Sebastien Piechurski

2011-Mar-21 09:18 UTC

head link

[Lustre-discuss] Multiple IB ports

Hi Brian,
 >From my understanding, but confirmation from more skilled people on thelist would be welcomed, using multiple IB ports with a lustre client
will be difficult to manage, and will probably not bring any performance
improvements.
I was told by a colleague that there were currently too many internal
locks in the clients to sustain a big throughput. Lustre is designed for
global throughput on many clients, but not on individual clients.
I can observe this on my site, where I have enough storage and servers
to reach 21GB/s globally, but am unable to get more than 300MB/s on a
single client even though the DDR IB network would sustain +800MB/s ...

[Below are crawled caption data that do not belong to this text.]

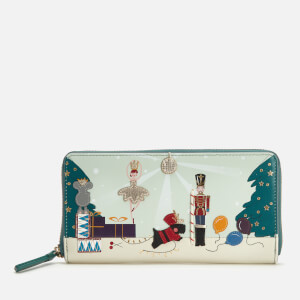 Radley Women s Little Drummer Dog Large Zip Around Matinee Spruce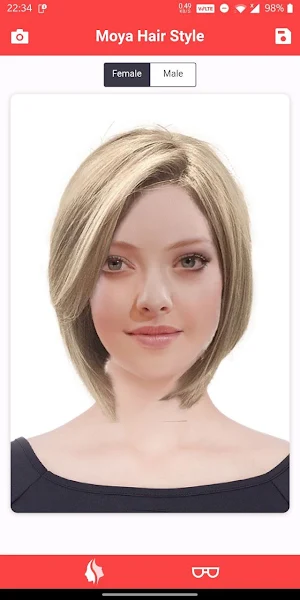 Moya Hairstyle: Bangs & Wigs Screenshot 1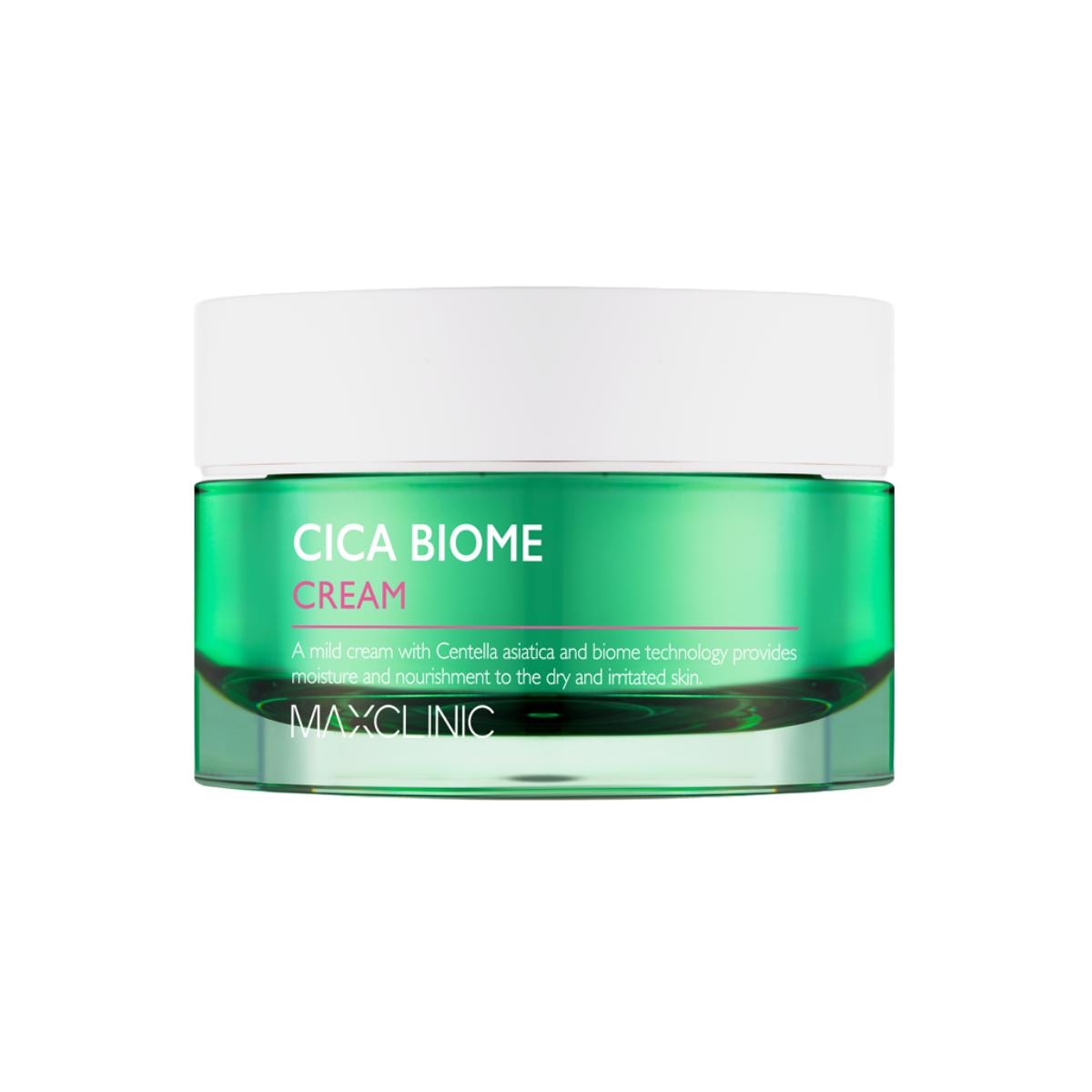 MAXCLINIC Cica Biome Cream Hydrating Balancing Facial Moisturizer 50g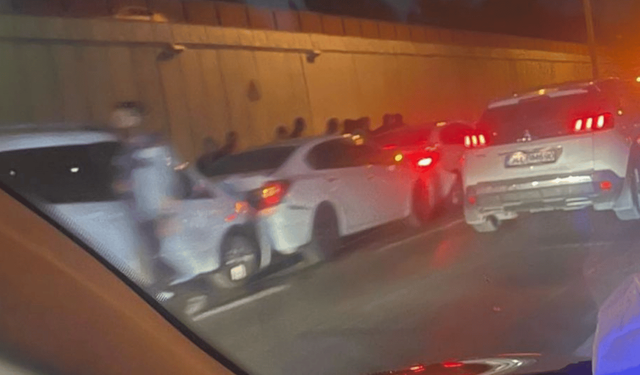 Eskişehir Çevre Yolu'nda dört araçlı zincirleme kaza: Trafik aksadı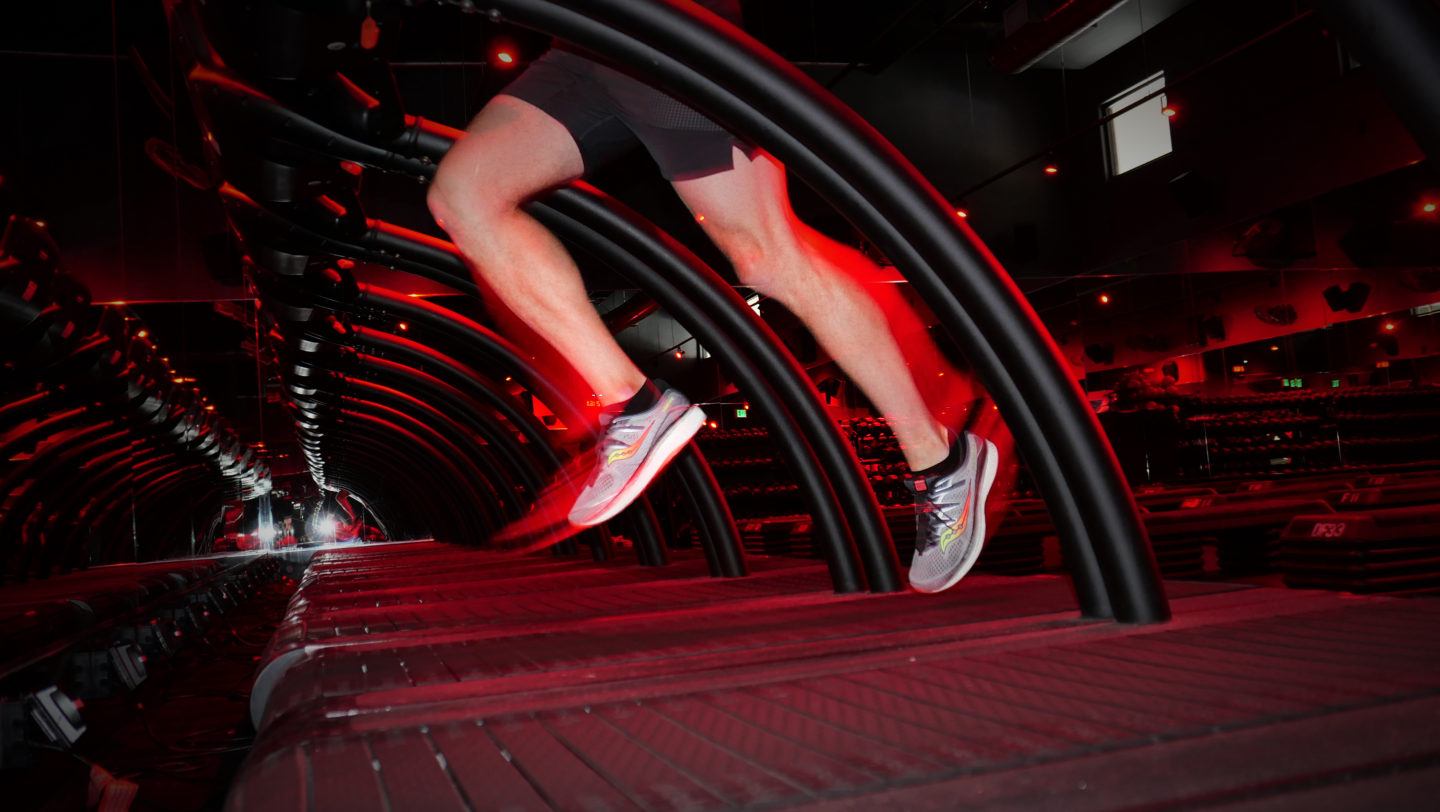 Barry's bootcamp top treadmill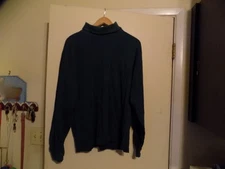 Vintage Eddie Bauer Shirt Mens  XL Green Turtleneck Made in USA 90s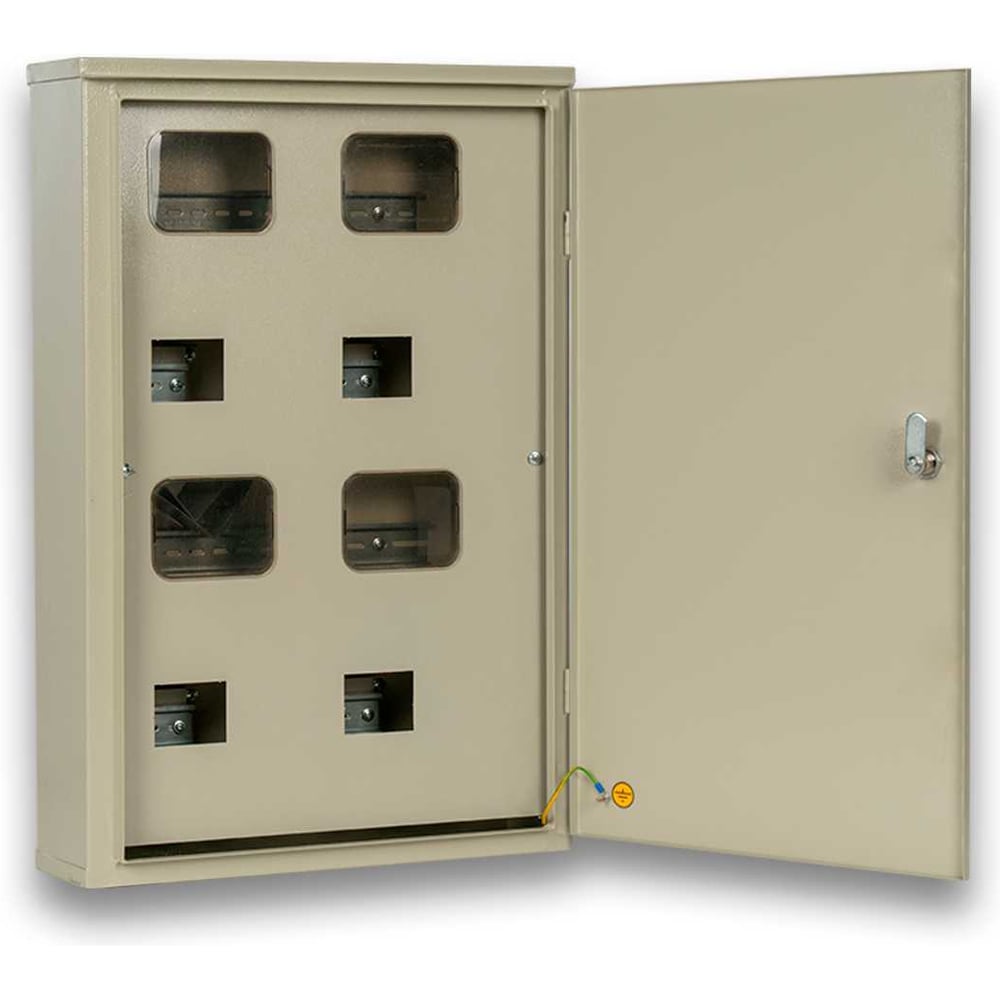 Изображение товара Щит учета МЭК ЭЛЕКТРИКА ЩУ-1/4 620x420x120 IP31 под четыре счетчика однофазных MEC13104 Изображение товара Щит учета МЭК ЭЛЕКТРИКА ЩУ-1/4 620x420x120 IP31 под четыре счетчика однофазных MEC13104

________________________________

	From: lustre-discuss-bounces at lists.lustre.org
[mailto:lustre-discuss-bounces at lists.lustre.org] On Behalf Of Brian
O''Connor
	Sent: lundi 21 mars 2011 04:53
	To: lustre-discuss at lists.lustre.org
	Subject: [Lustre-discuss] Multiple IB ports
	
	

	Hi,

	    Any body actually using multiple IB ports on a client for an
aggregated connection?

	 

	Ie. Many oss with one qdr IB each. Clients with 4 qdr IB ports.
Assuming the normal

	issues with bus bandwidth etc, what sort of perf can I expect 

	 

	qdr ~ 3-4Gbytes/Sec

	 

	I''m trying to size a cluster and clients to get ~10GBytes/Sec on
*one* 

	client node. 

	 

	If I can aggregate IB linearly the next step will be to try and
figure out

	How to get 10Gigabytes/s to local storage :-(

	 

	 

	Some times customers are crazy.......

	 

	 

	 

	Brian O''Connor

	 

	-------------------------------------------------

	 

	SGI Consulting

	 

	Email: briano at sgi.com <mailto:briano at sgi.com> , Mobile +61 417
746 452

	 

	Phone: +61 3 9963 1900, Fax: +61 3 9963 1902

	 

	357 Camberwell Road, Camberwell, Victoria, 3124 

	 

	AUSTRALIA http://www.sgi.com/support/services
<http://www.sgi.com/support/services> 

	 

	-------------------------------------------------

	 

-------------- next part --------------
An HTML attachment was scrubbed...
URL:
http://lists.lustre.org/pipermail/lustre-discuss/attachments/20110321/65afa9ba/attachment-0001.html

Andreas Dilger

2011-Mar-21 11:37 UTC

head link

[Lustre-discuss] Multiple IB ports

On 2011-03-21, at 10:18 AM, Sebastien Piechurski wrote: > From my understanding, but confirmation from more skilled people on the
list would be welcomed, using multiple IB ports with a lustre client will be
difficult to manage, and will probably not bring any performance improvements.
> I was told by a colleague that there were currently too many internal locks
in the clients to sustain a big throughput. Lustre is designed for global
throughput on many clients, but not on individual clients.
> I can observe this on my site, where I have enough storage and servers to
reach 21GB/s globally, but am unable to get more than 300MB/s on a single client
even though the DDR IB network would sustain +800MB/s ...
There must be something wrong with your configuration or the code has some bug,
because we have had single clients doing 2GB/s in the past.  What version of
Lustre did you test on?

Is this a single-threaded write?  With single-threaded IO the bottleneck often
happens in the kernel copy_{to,from}_user() that is copying data to/from
userspace in order to do data caching in the client.  Having multiple threads
doing the IO allows multiple cores to do the data copying.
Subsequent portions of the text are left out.